Your assignment: Please return the records below exactly as they appear, leaving every picture out.

Dataset extract:
Content starts

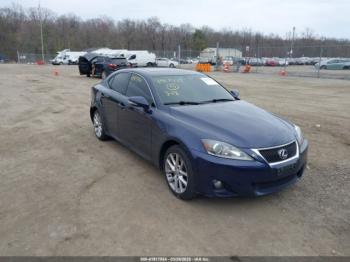  Salvage Lexus Is
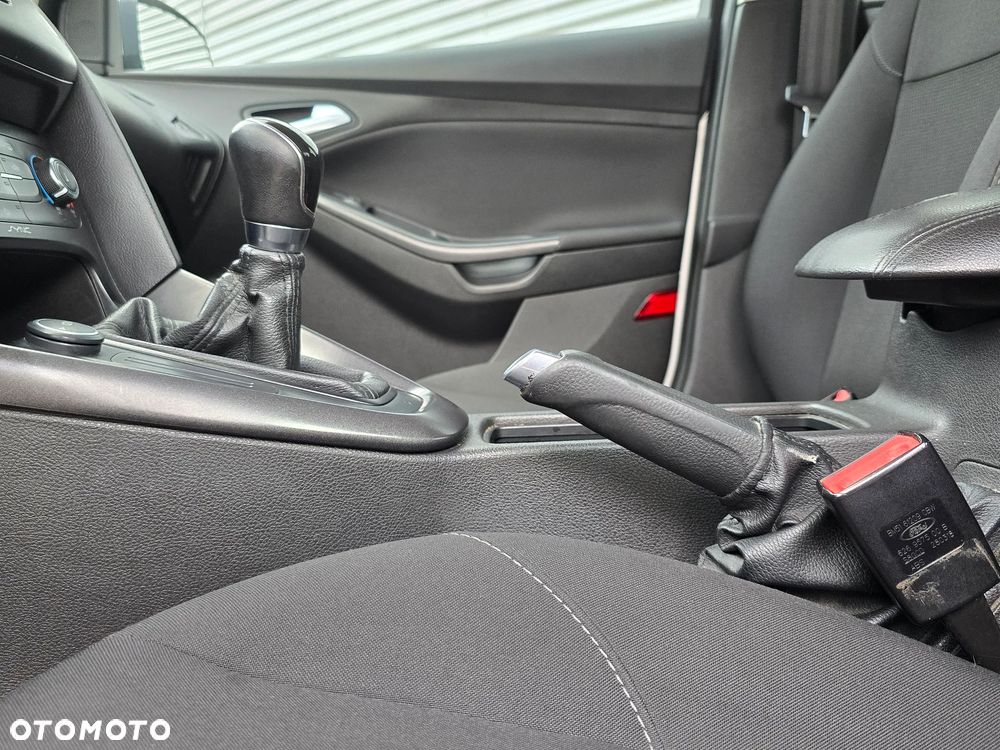 Ford Focus 1.6 Gold X - 8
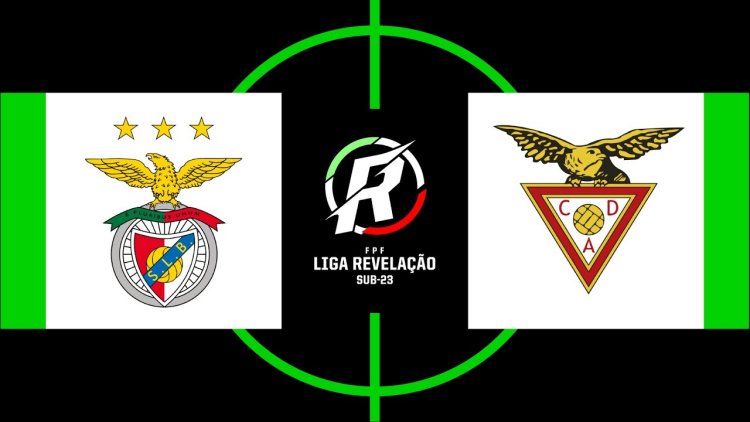 Liga Revelação: Benfica 2 - 0 Desp. Aves (2019-2020)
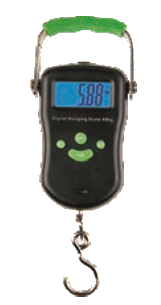 Traper digikaal 40 kg 70008
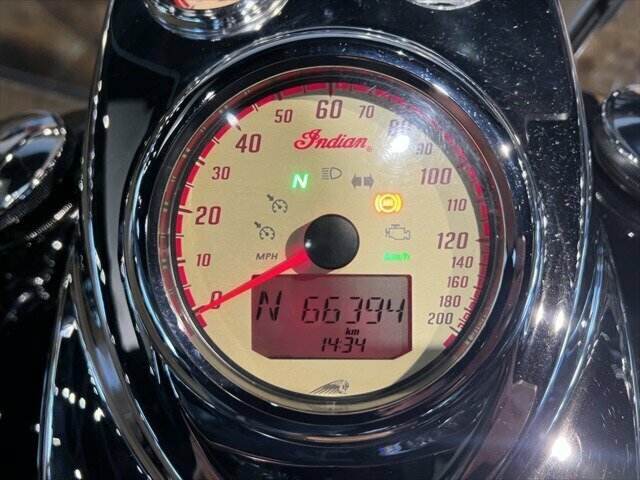 2014 INDIAN CHIEF VINTAGE CRUISER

Content ends

Result of this task:
  Salvage Lexus Is
 Ford Focus 1.6 Gold X - 8
 Liga Revelação: Benfica 2 - 0 Desp. Aves (2019-2020)
 Traper digikaal 40 kg 70008
 2014 INDIAN CHIEF VINTAGE CRUISER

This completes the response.